» **The problem**: Using the records below, write out only the lines from the line containing "Caixinha De Lembrancinhas" up to and including the line containing "Pair of Victorian Chairs", exactly, with no pictures.

» **Entries supplied**:
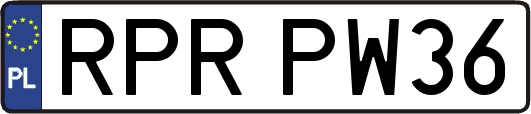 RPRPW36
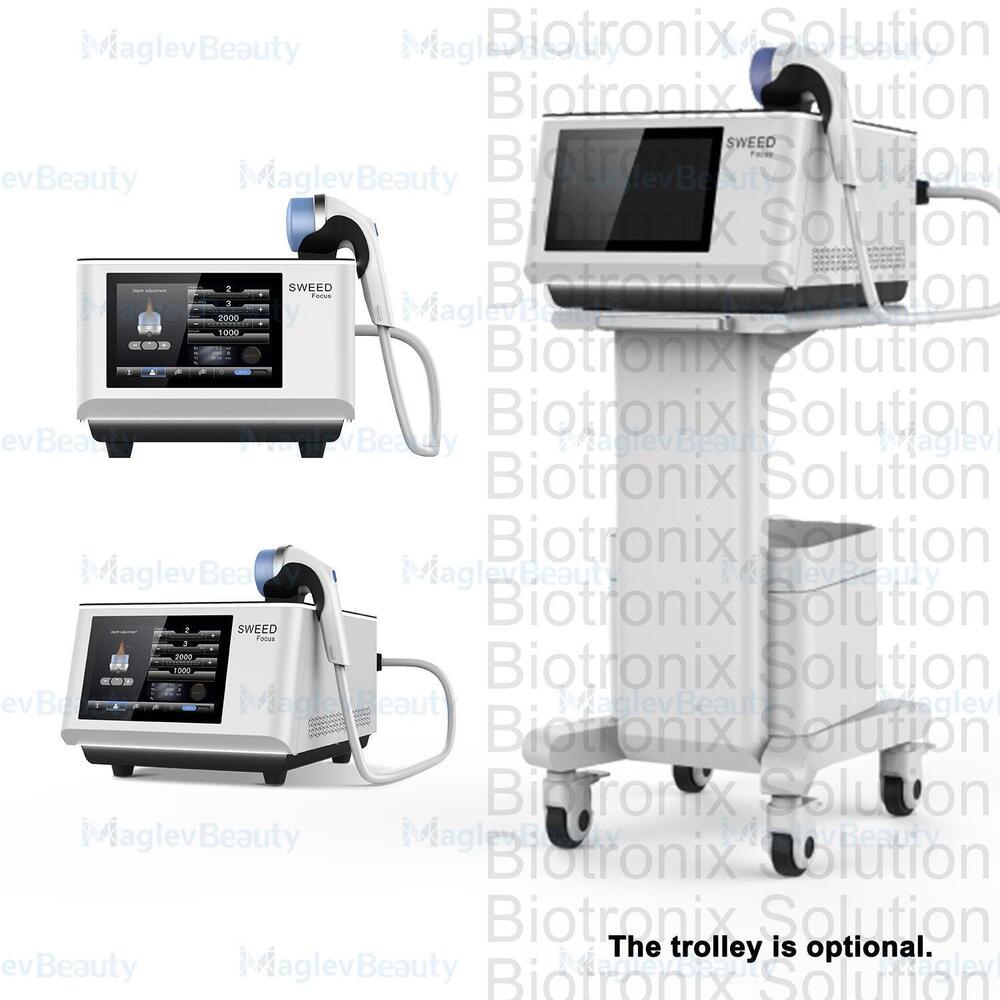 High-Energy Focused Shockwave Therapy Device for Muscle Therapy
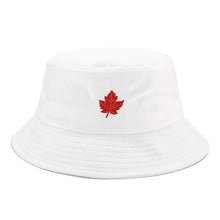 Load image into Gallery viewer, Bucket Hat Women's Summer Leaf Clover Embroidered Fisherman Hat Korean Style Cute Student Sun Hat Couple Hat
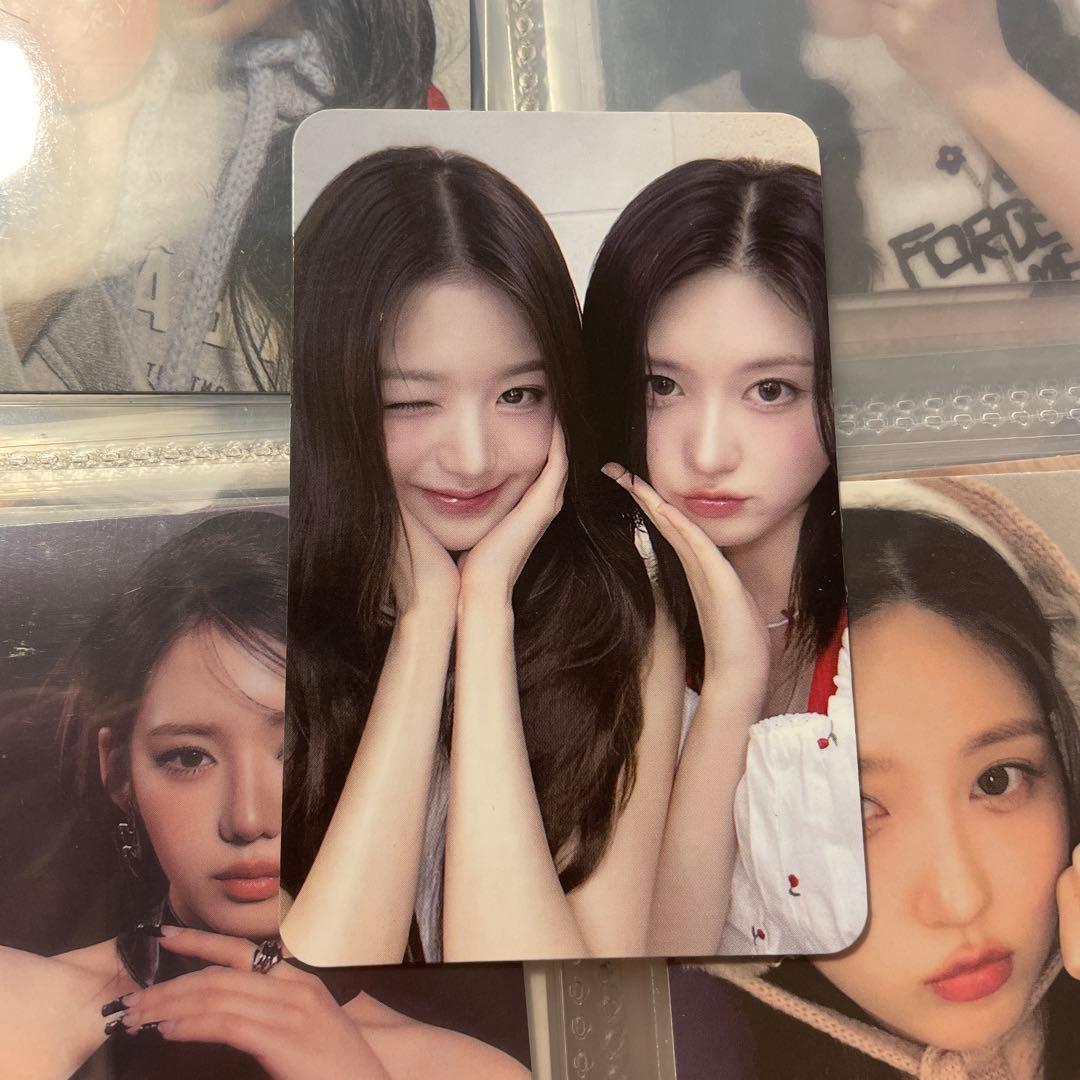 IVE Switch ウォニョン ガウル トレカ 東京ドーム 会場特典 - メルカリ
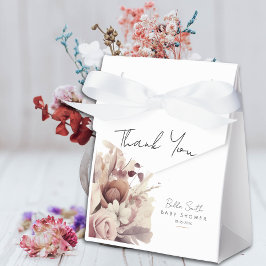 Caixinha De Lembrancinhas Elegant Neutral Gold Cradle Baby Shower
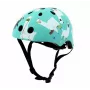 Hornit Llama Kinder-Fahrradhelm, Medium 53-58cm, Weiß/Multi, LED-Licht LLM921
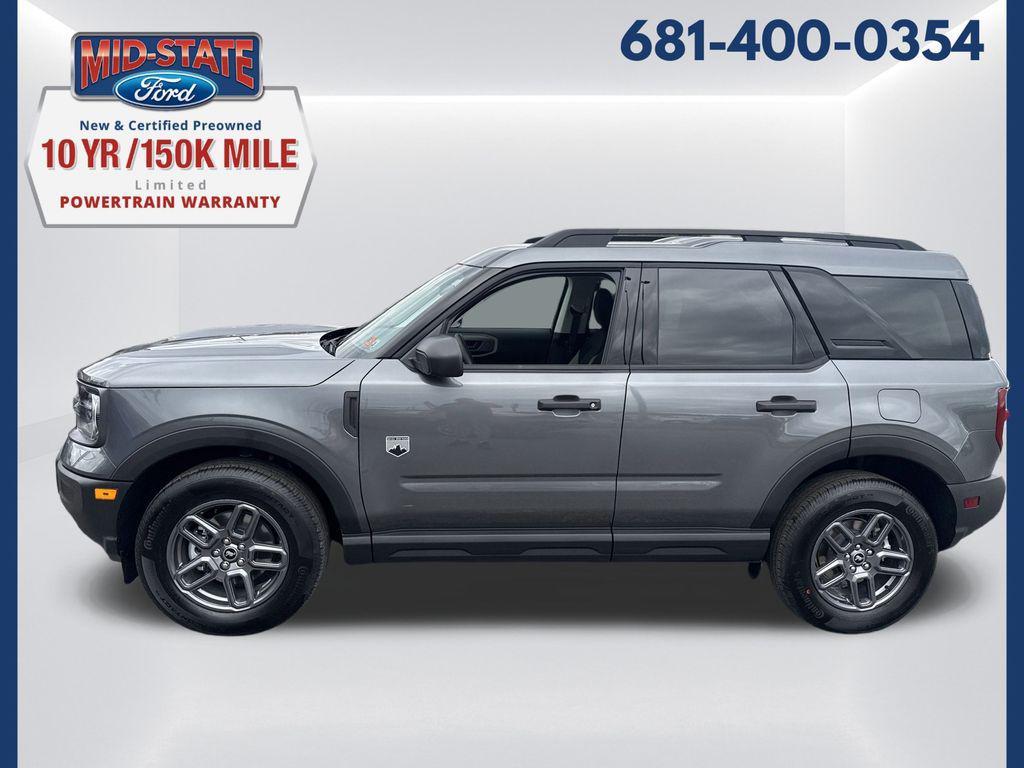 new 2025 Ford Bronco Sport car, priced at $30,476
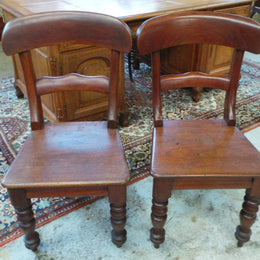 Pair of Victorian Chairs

---

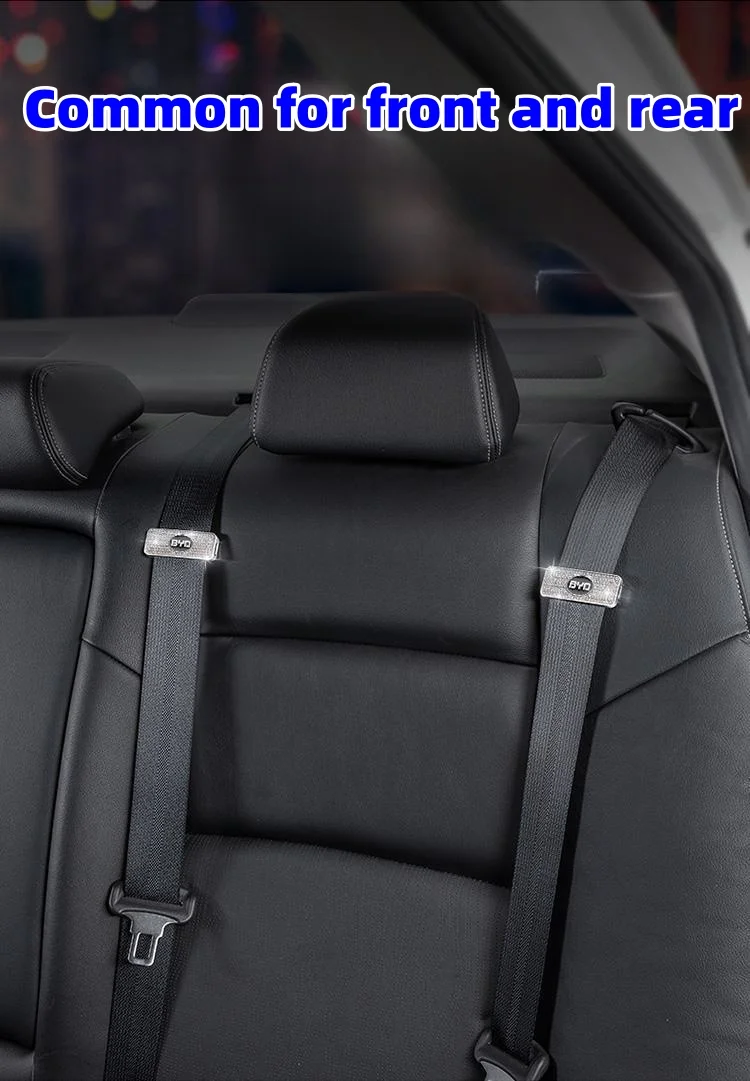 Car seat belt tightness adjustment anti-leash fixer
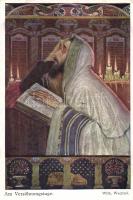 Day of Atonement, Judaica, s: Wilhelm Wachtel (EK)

* * *

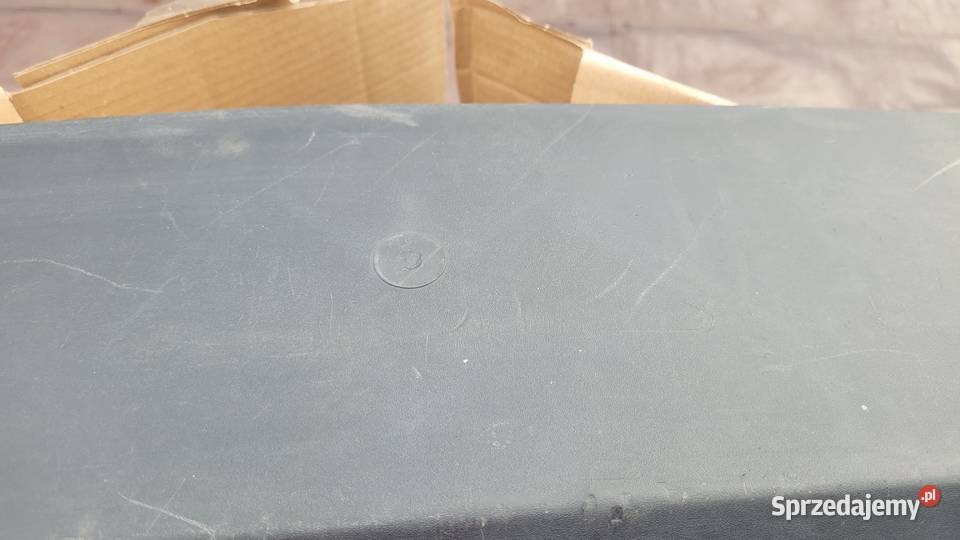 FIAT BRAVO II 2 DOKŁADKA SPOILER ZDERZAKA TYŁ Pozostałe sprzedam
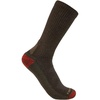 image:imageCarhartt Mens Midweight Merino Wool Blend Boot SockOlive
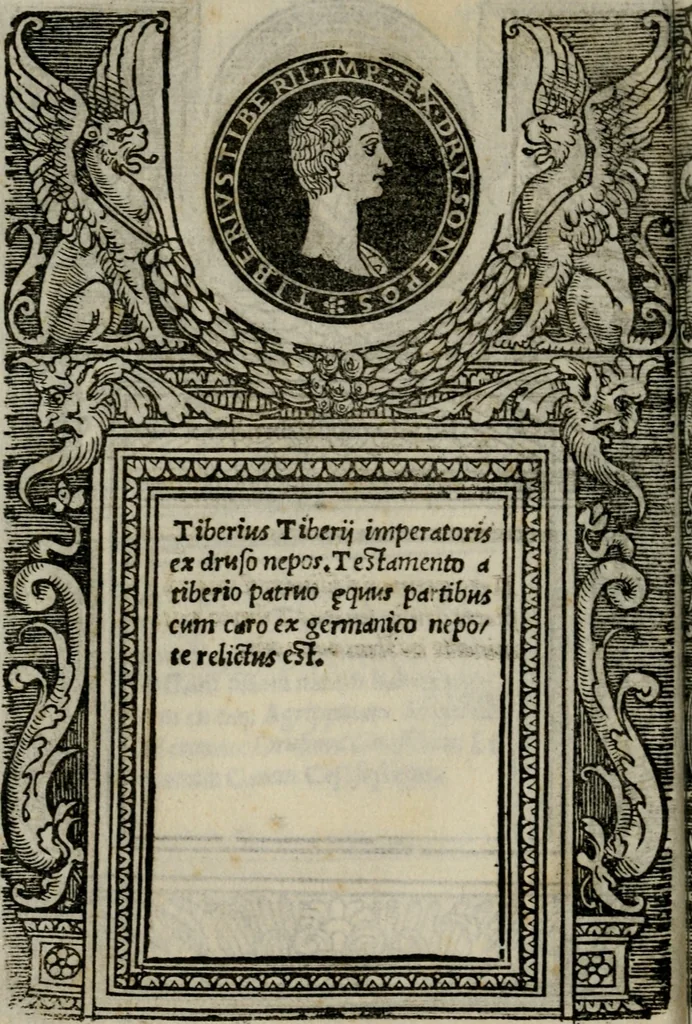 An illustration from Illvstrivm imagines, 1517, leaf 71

» **Answer section**:
 Caixinha De Lembrancinhas Elegant Neutral Gold Cradle Baby Shower
 Hornit Llama Kinder-Fahrradhelm, Medium 53-58cm, Weiß/Multi, LED-Licht LLM921
 new 2025 Ford Bronco Sport car, priced at $30,476
 Pair of Victorian Chairs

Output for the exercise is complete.